Here, Plaintiff was arrested based on the facts available to the detectives at the time of his arrest. Detectives attempted to obtain a positive identification from the victim, Caldwell, as to who the perpetrators were. However, Caldwell was unable to identify who the perpetrators were and testified that because some of the assailants were wearing masks, he was uncertain of their identities. (Dkt. 24, Ex. 2 at 5). Detectives also interviewed the only eye witness to the crime, Hayslip, who, according to the police report, without hesitation identified Plaintiff as one of the persons involved in the car jacking. (Dkt. 96 at 12). Having received positive identification of the suspects from an eye witness and having uncovered no contradictory evidence, Plaintiff was arrested and charged with felony car jacking. While Plaintiff does not disagree that the determination of whether probable cause exists to arrest an individual depends on the information available to the officer at the time of the arrest (Dkt. 108 at 17), he does contest whether probable cause continued to exist after his arrest which justified his continued incarceration. See id.

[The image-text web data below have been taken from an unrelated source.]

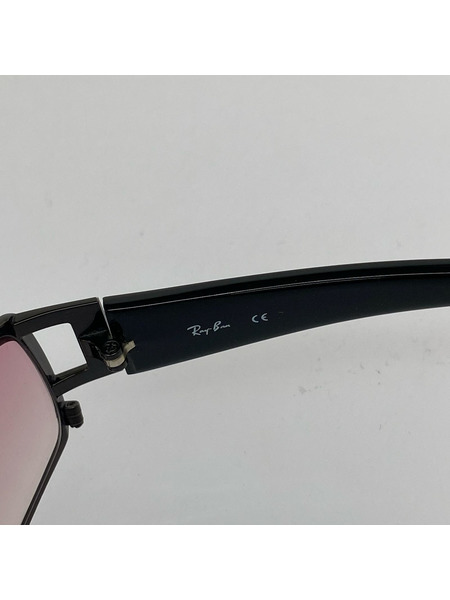Ray-Ban ソノ他 RB3329 034/58
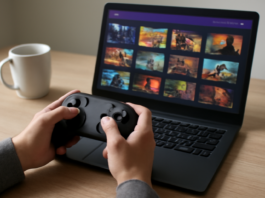Los 12 juegos gratis que Amazon Prime Gaming tiene para ti en julio de 2026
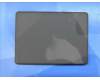 SO28E10313 Lenovo Tab K11 US-English Int KB;Gray;KH
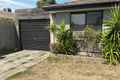 Property photo of 9 Darebin Court Meadow Heights VIC 3048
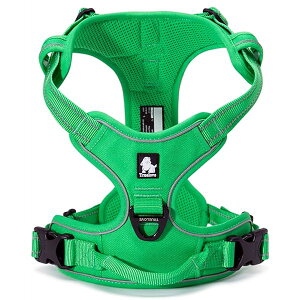 ���p�n�[�l�X ���p���� �h�b�O �y�b�g�p�i �n�[�l�X 3M���ˍޗ� �P�� �i�C������ ���^���A���^���A��^���Ɍ��� �ʋC�� ���߉\ (L, �O���[��.)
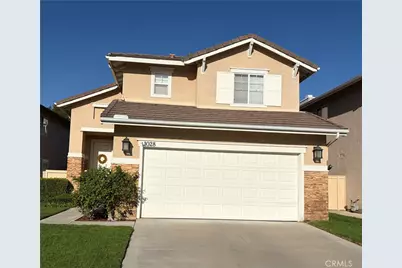 1028 S Brianna Way, Anaheim, CA 92808 - Photo 1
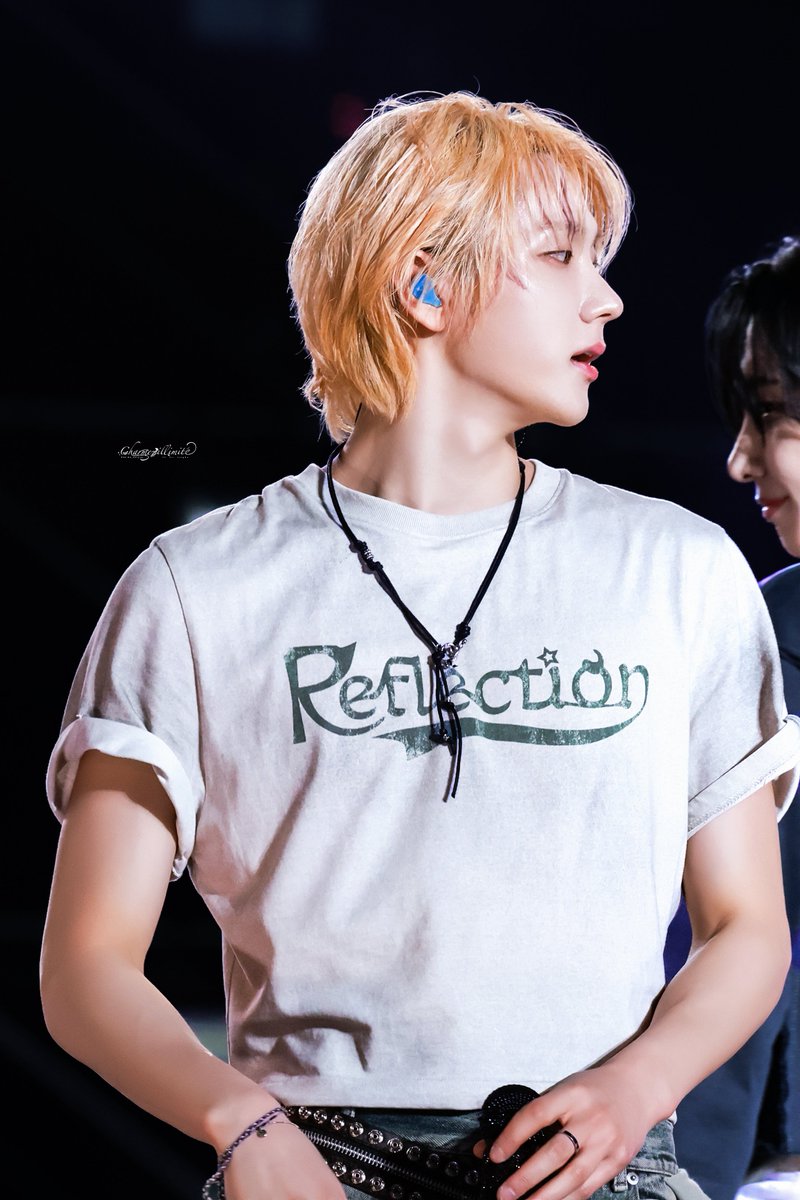 ʚ Charme illimité ɞ (@Charme_sungho) / Posts / X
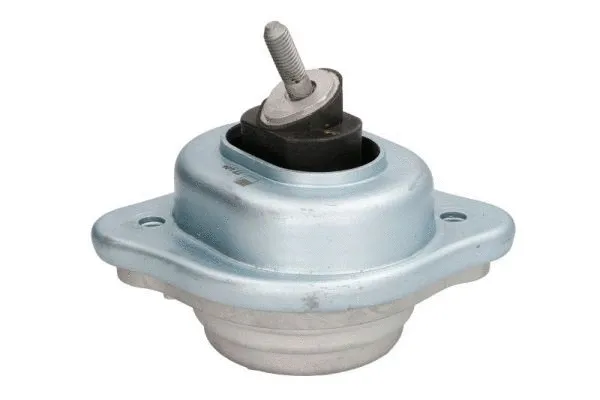Support moteur REINHOCH RH11-0148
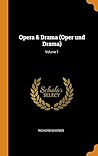 Opera & Drama (Op...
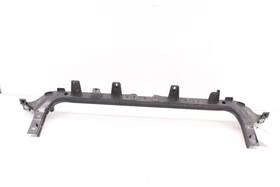 Bc3a-19a688-ac Ford 104.fd8m16 11-16 F250 Lariat Crew Cab 6.2l Front Radiator Upper Support Tie Bar Read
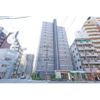 TLRレジデンス本町WESTの外観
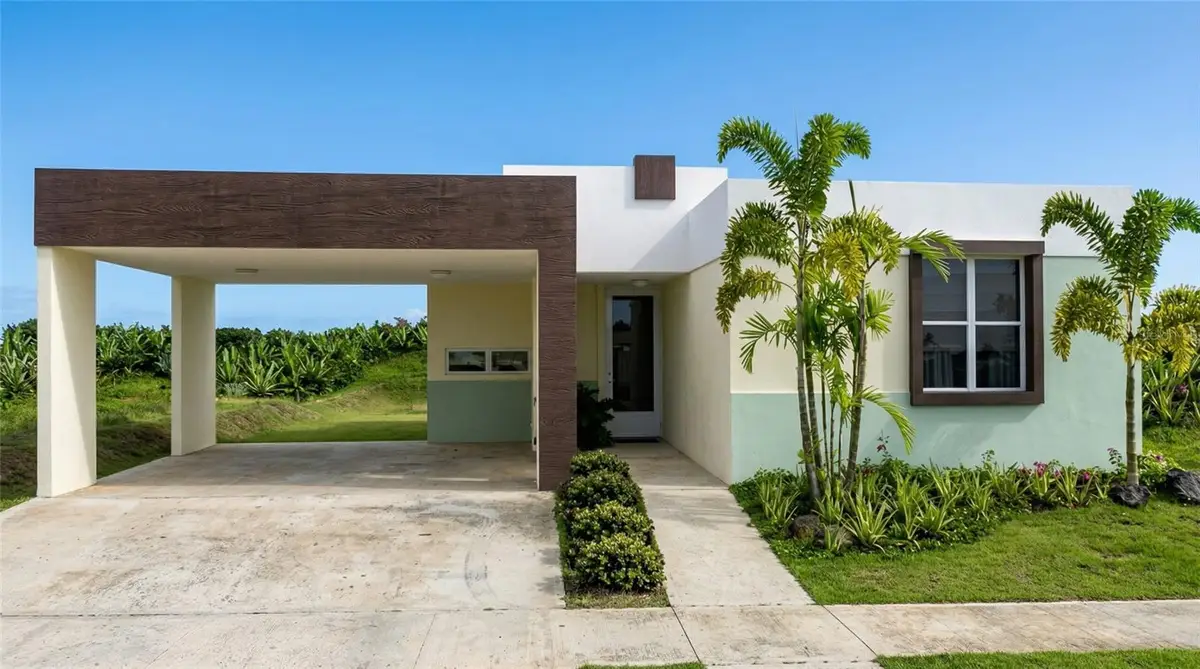 SR 100 k 13 h 2 Urb Terrazas De Boqueron Pr,callejon Los Martinez #B-2, Boqueron, PR 00622 - #1
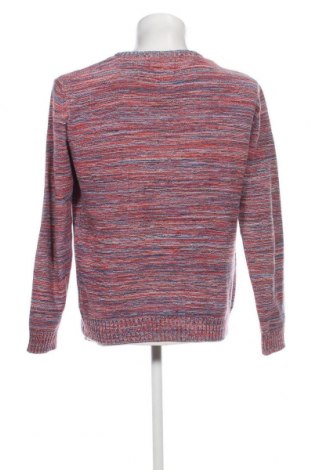 Męski sweter Originals By Jack & Jones, Rozmiar L, Kolor Kolorowy, Cena 108,75 zł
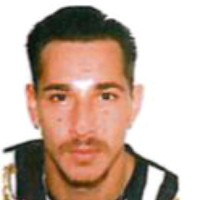 Juan Antonio González Blanco
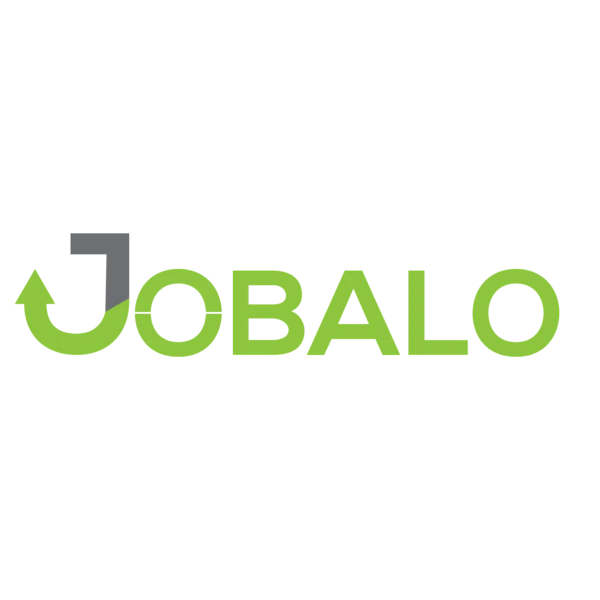 Jobalo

Mr. Hayslip also identified Plaintiff as one of the persons who came to his business the day after the car jacking allegedly threatening him and advising him to stop telling people he was involved.
Another individual, Ricardo Thomas, was also arrested in connection with this crime.
1. City of St. Petersburg.
The City of St. Petersburg argues that after Plaintiff was arrested, he was released to the custody of Pinellas County Sheriff's Office and was thereafter housed in a County facility, not a City facility. As such, according to the City, they had no authority to release him. Moreover, once he was officially charged with a felony, Plaintiff was under the jurisdiction of the State of Florida. Plaintiff has presented no evidence that at any time after Plaintiff's initial arrest the City of St. Petersburg had the authority to release him from the Pinellas County Jail. Moreover, Plaintiff, by way of his failure to respond to Defendant City's Requests for Admissions, has admitted that Defendant City "[had no] legal authority to release persons incarcerated in the Pinellas County Jail." (Dkt. 99).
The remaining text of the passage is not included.